The results obtained in cytotoxicity assays were consistent with those obtained for NKL cells. Thus, MHC-I engagement could inhibit the cytotoxicity triggered by CD16 depending on the concentration of CD16 mAb assayed (Fig. 2B panel b-c and 2C). In agreement with results obtained with NKL, MHC-I could only slightly counteract (13.2±6.9% inhibition at E/T ratio of 5∶1) the effect of NKG2D-activating receptor (Fig. 2B panel d and 2C), whereas NKG2A effectively inhibited the specific P815 killing mediated by this activating receptor (66.3±24%). Furthermore, P815 lysis induced by NKp46 was highly decreased by co-ligation with MHC-I (69.9±16.2%), (Fig. 2B panel e, and 2C). Finally, 2B4 triggered cytotoxic activity was almost completely neutralized by NKG2A (88.9±8.9%), and anti-MHC-I was also able to notably decrease the killing effect (76.7±10.3%), (Fig. 2B panel f and 2C). These results demonstrate and confirm that, contrarily to classic MHC-I recognizing inhibitory receptors, the inhibition of cytotoxicity after the engagement of MHC-I molecules on activated human NK cells is a selective phenomenon that depends on the specific activating receptor triggered.
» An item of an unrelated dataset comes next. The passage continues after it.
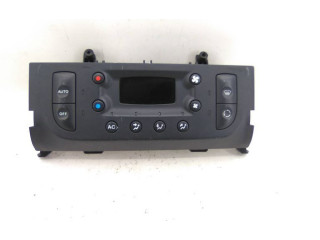 Блок управления климат-контролем 8200069371   Renault Clio II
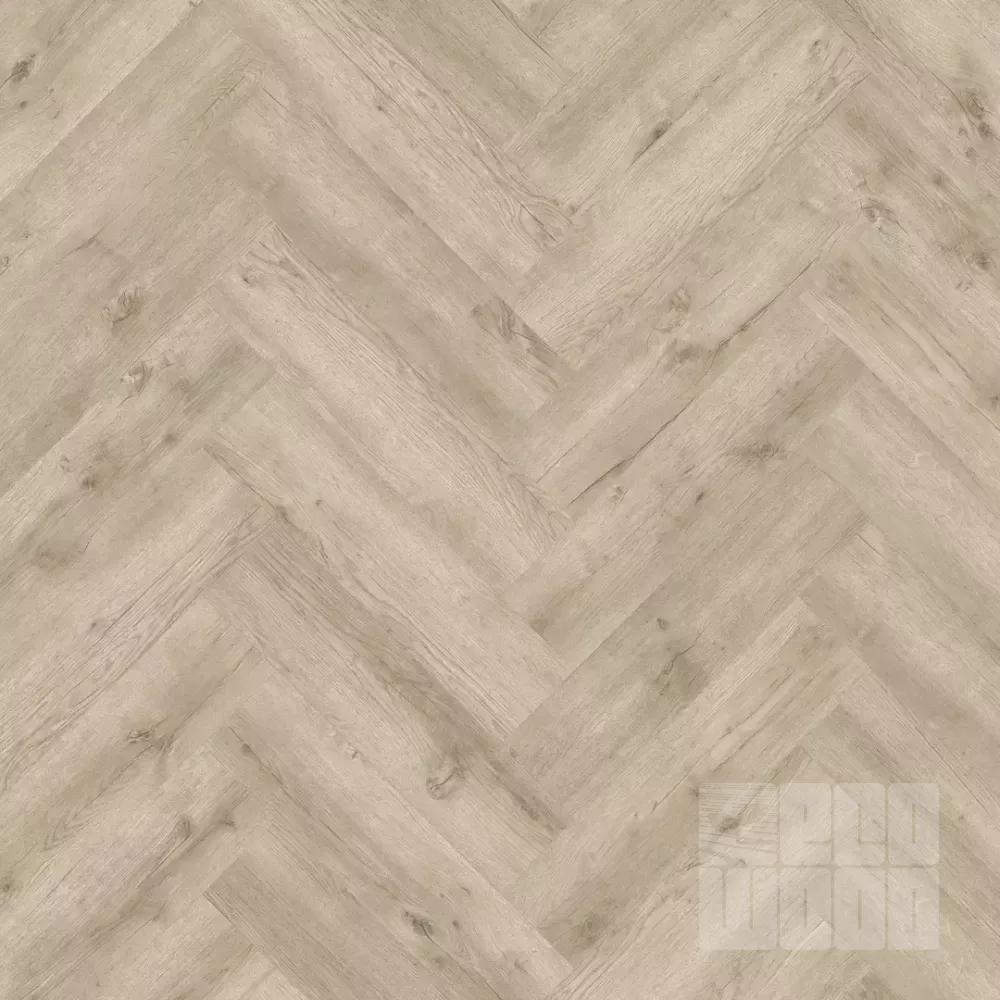 Herringbone UNILIN Textura Acoustic Major Oak 53256 Вінілова підлога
To further study the inhibitory ability of MHC-I molecules on the activity triggered by ITAM-bearing activating receptors, we studied P815 redirected lysis by activated T cells from five donors, after co-ligation of MHC-I with CD3/TcR molecules (Fig 2D). Ab isotype and anti-CD33 mAb were used as negative control of inhibition since we found that mAb anti-CD33 is able to inhibit the cytotoxicity triggered by DAP10-coupled NKG2D, but not by receptors transducing through ITAM-bearing adaptors (manuscript submitted). As shown in primary NK cells, MHC-I engagement strongly reduced the CD3 triggered cytotoxicity (76.52±11.86 at E/T ratio of 5∶1) compared with the anti-CD33 mAb (WM53) (15.37±14.07) and the isotype control (0.28±0.46) at the same ratio. These results indicated that MHC-I molecules play an inhibitory role on ITAM-dependent cytotoxic activating signaling pathways.
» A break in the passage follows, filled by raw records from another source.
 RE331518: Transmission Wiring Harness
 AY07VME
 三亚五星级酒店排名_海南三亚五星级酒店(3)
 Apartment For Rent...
Co-engagement of MHC-I by others anti-MHC-I mAb with different NK activating receptors selectively inhibits cytolytic activity of NKL cells
Next we determined whether different MHC-I, classical and non-classical, molecules were expressed on NKL cells, and whether they exerted an inhibitory function in NK cell-mediated cytotoxicity. For this purpose, besides W6/32 (which recognizes the α3 domain of MHC-I) we used mAb BB7.7 (which recognizes a combinatorial determinant of the HLA-A, B and C and β2-microglobulin), the anti-HLA-E 3D12 mAb and anti-HLA-G mAb. Flow cytometry analyses revealed that the NKL cells were BB7.7+, HLA-E+ and HLA-G− (Figure 3A). Redirected lysis experiments (Figure 3B) revealed that the mAb BB7.7 behaved similarly to W6/32, since both inhibited the cytotoxic activity mediated by CD16 and NKp46, although the inhibitory activity of BB7.7 on signals initiated by NKp46 was even stronger than that of W6/32 mAb. Consistent with the above results, none of them acted as inhibitor on cytotoxicity triggered by NKG2D. These results also suggest that the inhibitory function of MHC-I molecules involves the presence of β2-microglobulin and excludes the involvement of the HLA-E non-classical MHC-I protein.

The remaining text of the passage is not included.